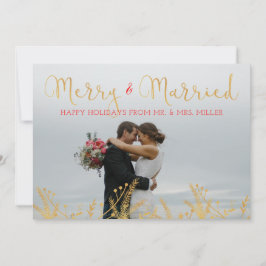 Merry and Married Guld Red-julkort Helgdag Card Julkort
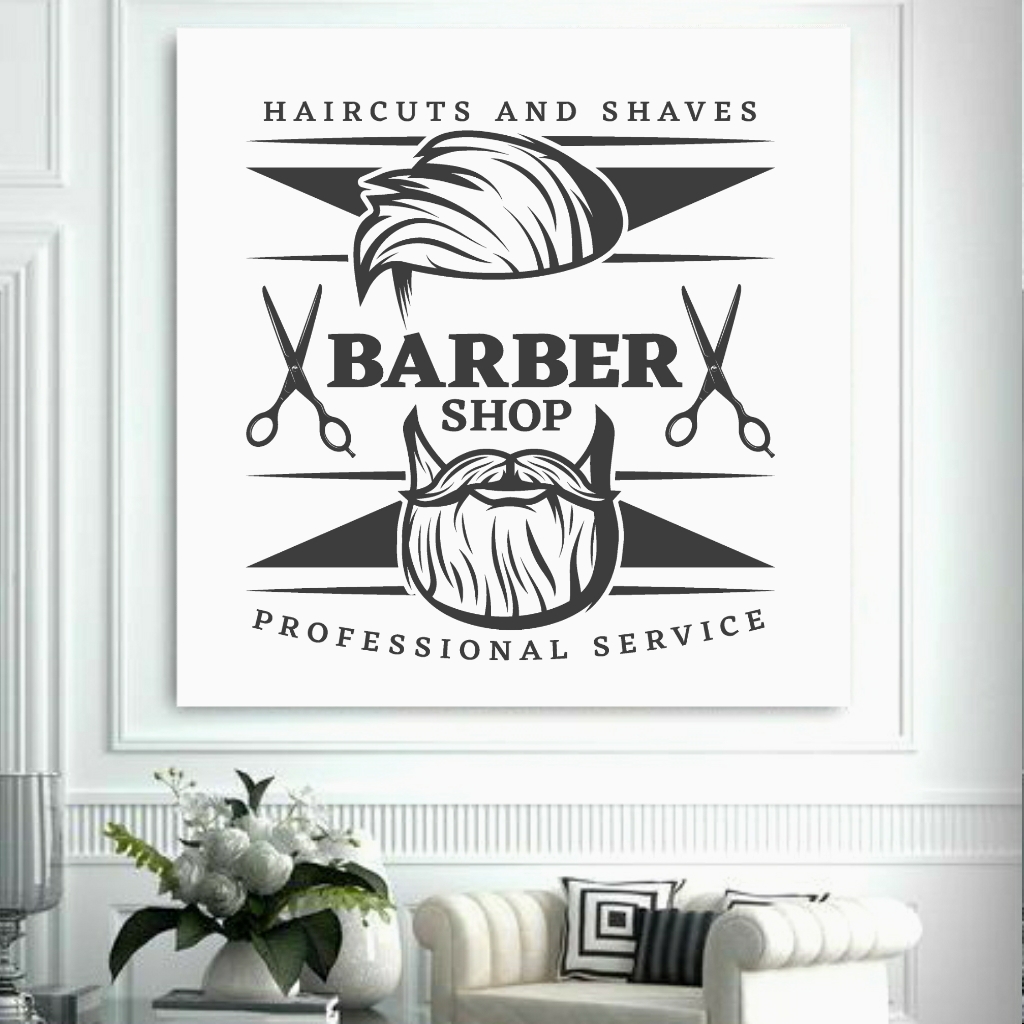 تابلو بوم طرح آرایشگاه مردانه مدل SDB401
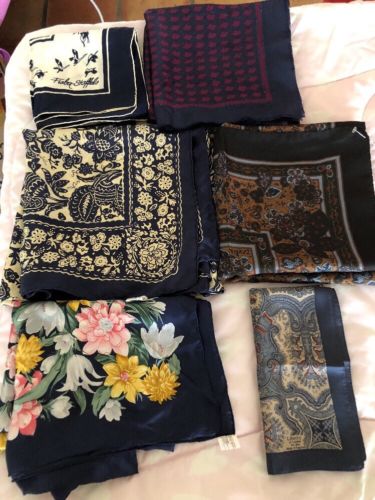 6 Square Silk Scarfs 100% Silk Ranging From 16” To 34” Square  Lot #10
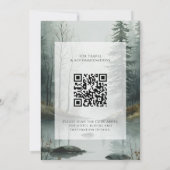 Immergrüner Nebel | Rustikale Wald QR Save-the-Dat (Rückseite)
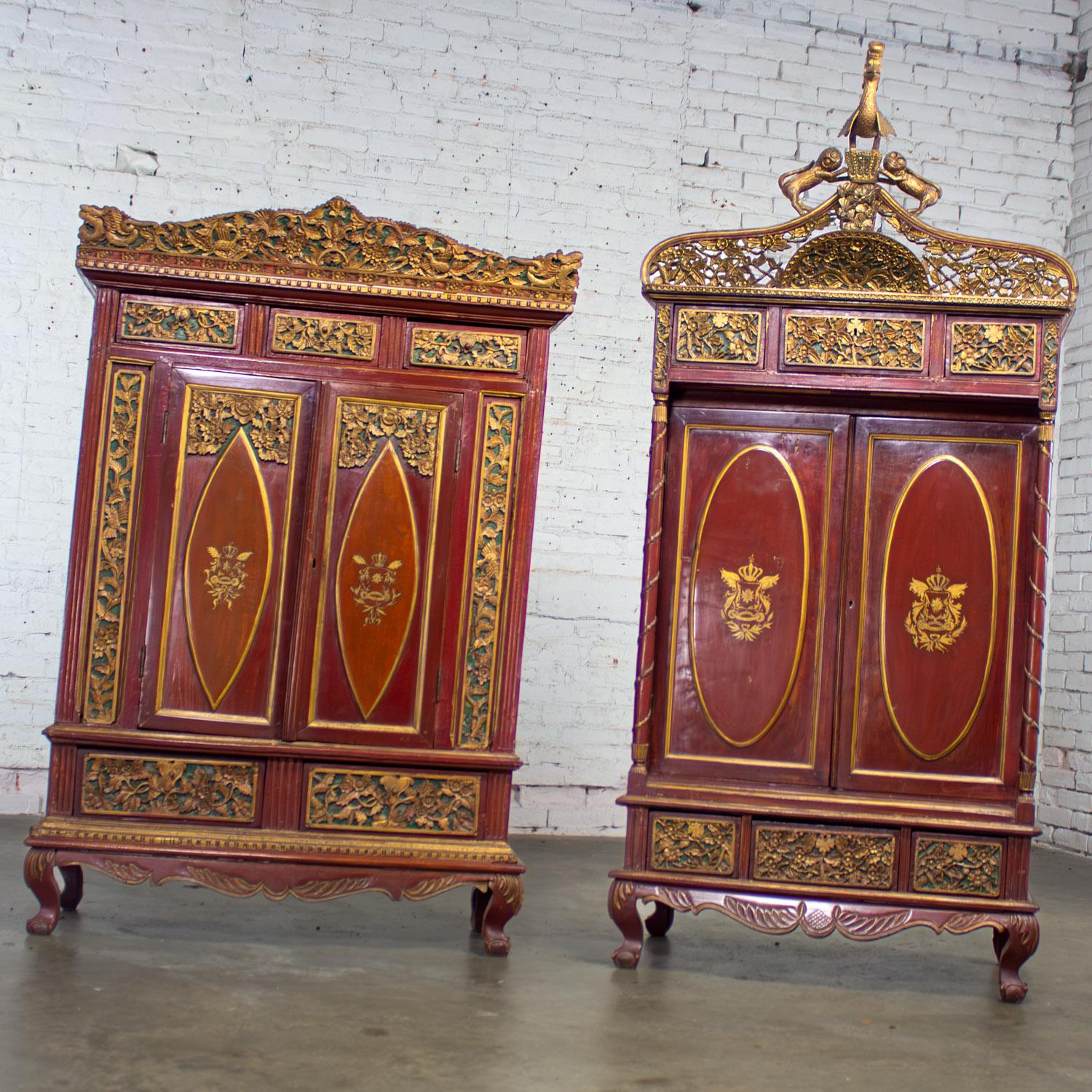 Anglo Raj Scatola da sposa imperiale indonesiana Maduran o Jodang Dowry Chests Bride & Groom Coppia di sposi in vendita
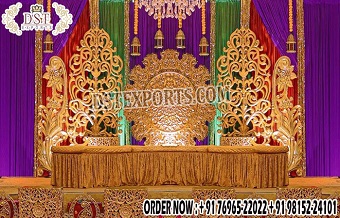 Traditional Mehndi Stage Decor With Fiber Frames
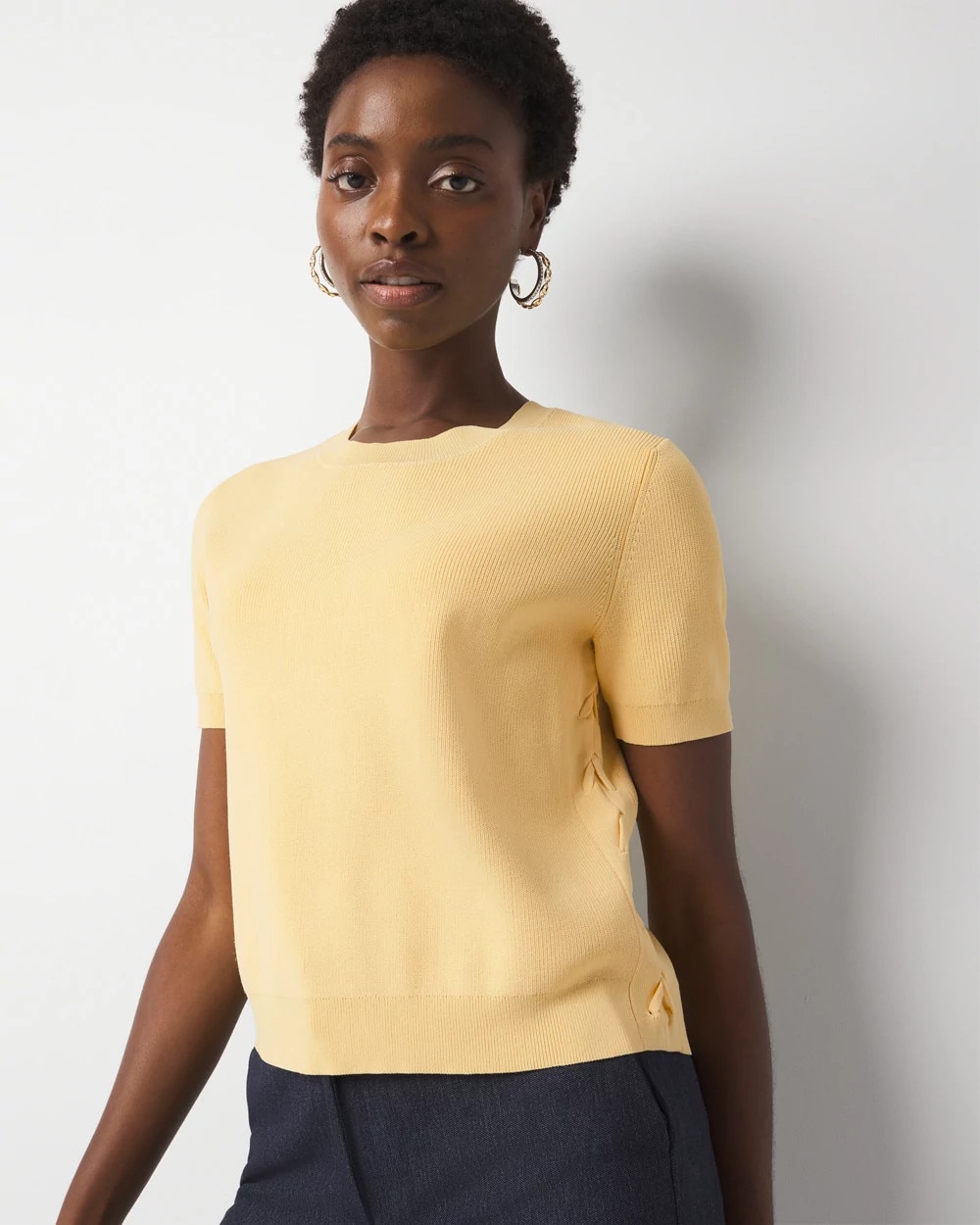 Lace Up Side Sweater Tee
------------------------
- **AIM OF THE EXERCISE**
Only lines from the one holding "Traditional Mehndi Stage" through the last line of the entries above are wanted, both ends included, each retyped exactly; no pictures.

- **SOLUTION TO THE PROBLEM**
 Traditional Mehndi Stage Decor With Fiber Frames
 Lace Up Side Sweater Tee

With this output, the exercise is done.